あれよあれよという間に渡欧の日までいよいよ一ヶ月を切った。昨日ようやく航空券を確保し、成田からフランクフルトを経由してアムステルダムへ飛び、そこからフローニンゲンへ向かうことになった。

住居に関してもようやく目処がつき、安堵感を覚えている。しかし、航空券の確保にせよ、住居の決定にせよ、やはり無意識のどこかでそれらを避けようとする自分がいたのは間違いなさそうなのだ。

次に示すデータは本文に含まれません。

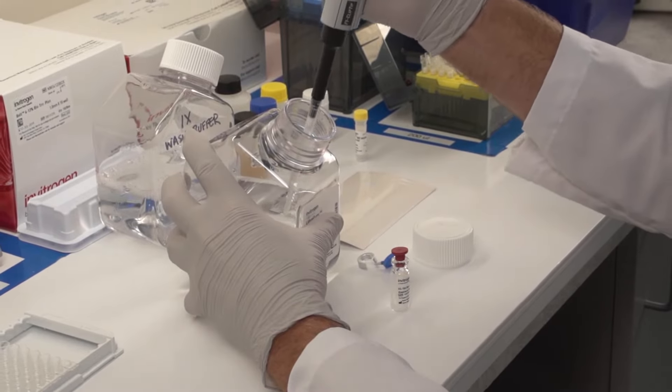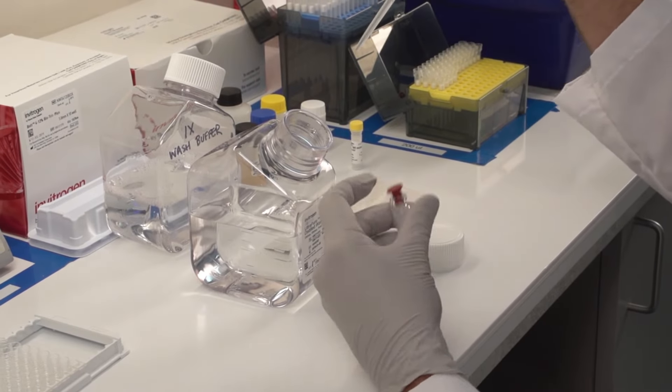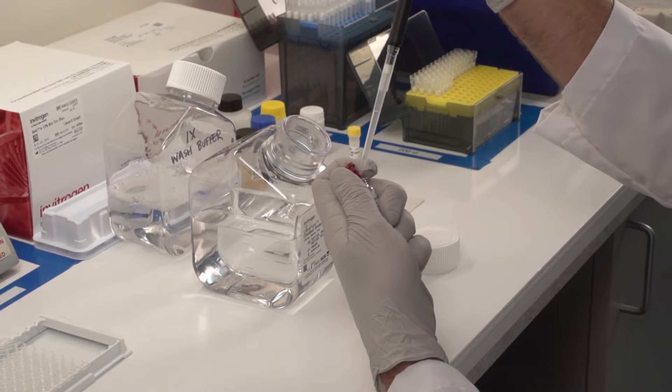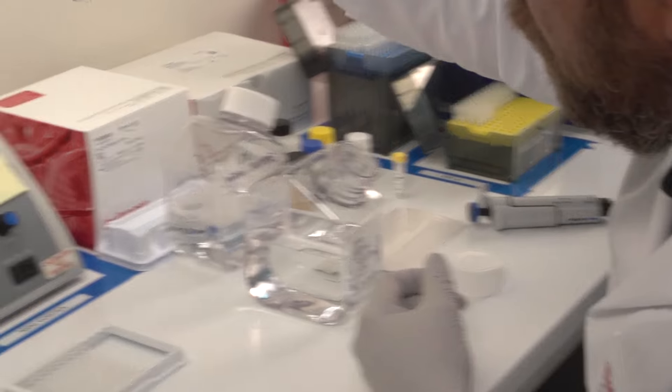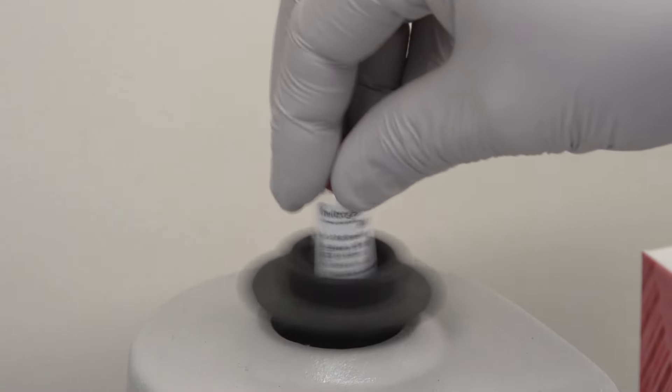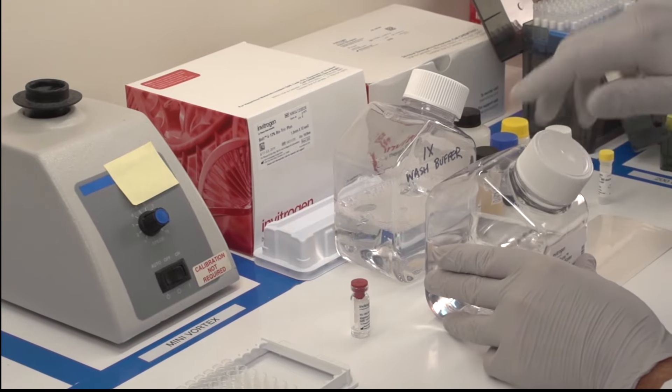Reconstitute one vial of protein standard by following the provided instructions. Handle the protein gently and do not pipette up and down when first adding the buffer. Simply swirl and invert five times, or very briefly vortex, and let the standard sit for at least 10 minutes to ensure complete reconstitution.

重い腰を上げて決定した住居は、フローニンゲンの街の中心部にある高さ100メートルのマルティニ塔を眺めることのできる場所にある。マルティニ塔は13世紀にその原型が建設され、1482年の改築以降、今の姿を保持している。

中世から現在まで変わらずに佇んでいるこの建物を毎日眺めながら大学院に通うことになる。そのため、不変的なマルティニ塔は、それが不変的なものであるがゆえに、フローニンゲンでの私の変容を知らせる一里塚になるだろうと思っている。

マルティニ塔の近くを通った時に気付いたのだが、どうも私は鐘の音に掴まれる傾向にあるようだ。マルティニ塔が時折発するカリヨンの音に私は捕まってしまうのだ。この複数の鐘の音は、自分の内側の何かを安らかにする働きがあるらしい。

今回の住居もまた非常に落ち着いた空間であり、自分の仕事により一層打ち込めそうな予感がしている。マルティニ塔、美術館、緑豊かな公園、街の市場、そして中央駅が近いことは偶然であった。

今年の年初にフローニンゲンを訪れた時、オランダで最も壮麗な駅舎を目指して建設されたフローニンゲン中央駅の存在感は、当時の自分にとってとても希薄であったと記憶している。中央駅の存在が私にとって希薄であったというよりも、私が無意識的にこの駅舎を遠ざけていたような気もするのだ。

というのも、私はいつもルネサンス期の建造物や絵画が醸し出すあの圧倒的な何かに飲み込まれそうになり、この駅舎はまさにルネサンス様式の建物なのだ。ルネサンス期の建物は、人間と音楽的世界が調和した不思議な空間を醸し出している。

人間と音楽的世界が調和した空間が自分に与える影響についても見えそうで見えてこない。その一方で、あと少し、あと一歩で見えてきそうな内的感覚がある。ほとんどそれを掴みかけていると言っても過言ではないかもしれない。

それは米国在住時代から折を見て自分にやって来る感覚であり、自己の物語性と虚飾性と不滅性の全てを包括的に覚知してしまうという感覚なのだ。これは間違い無く特殊な意識状態の下に引き起こされる内的感覚であり、その感覚の永続時間は数分に満たない。

時間としては非常に短い感覚なのだが、最初にこの感覚に覆われた時は大いに当惑した。自分はこの世界にいなかったのだという気づきと、自分はこの世界に最初からずっといたのだという気づきが同時に襲来する感覚と表現したらいいだろうか。

最初の体験以降、この感覚に見舞われるたびに、事後的にその感覚に対する振り返りを継続させてきた。そうした継続的な振り返りのおかげか、この感覚の正体が少しずつ明らかになり、自分にとっては何ら異質なものではなくなりつつある。

当時は、この感覚を超越的な視点から自らを眺めるという性質上、メタ認知の極致のようなものとして捉えていた。しかし、その射程と深さは、一般的にメタ認知と呼ばれているものの範疇を遥かに凌駕するため、メタ認知の極致という表現も適切ではない。

認知するものとされるものは間違い無く一つの世界に溶解し、気づくものと気づかれるものが一つになっている感覚なのだ。そのため、この感覚の中において世界を眺める自己は存在しておらず、メタ認知を発動させようとする者もいないのだ。

意識の形而上学における「非二元の意識状態」とはこうした感覚を生み出す意識状態のことを言うのであろうか。頻繁に訪れるようになってきているこの不可思議な感覚をより丹念に観察してみたいと思った次第である。観察の前に引っ越しの準備が先だろう。